## EXTRACTED DATA
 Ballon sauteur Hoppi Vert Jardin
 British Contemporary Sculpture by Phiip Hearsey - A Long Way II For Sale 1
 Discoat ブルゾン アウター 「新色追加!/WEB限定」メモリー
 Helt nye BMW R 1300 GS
...
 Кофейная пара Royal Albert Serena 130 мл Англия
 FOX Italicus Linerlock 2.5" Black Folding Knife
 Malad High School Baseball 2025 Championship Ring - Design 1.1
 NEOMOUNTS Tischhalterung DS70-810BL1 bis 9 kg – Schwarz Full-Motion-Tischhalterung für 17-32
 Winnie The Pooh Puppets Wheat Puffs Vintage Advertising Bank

## AIM OF THE EXERCISE
Your task is to transcribe, with no changes, only the lines of the listing above that lie between the line holding "Кофейная пара Royal" and the line holding "Winnie The Pooh", inclusive.

## TASK RESULT
 Кофейная пара Royal Albert Serena 130 мл Англия
 FOX Italicus Linerlock 2.5" Black Folding Knife
 Malad High School Baseball 2025 Championship Ring - Design 1.1
 NEOMOUNTS Tischhalterung DS70-810BL1 bis 9 kg – Schwarz Full-Motion-Tischhalterung für 17-32
 Winnie The Pooh Puppets Wheat Puffs Vintage Advertising Bank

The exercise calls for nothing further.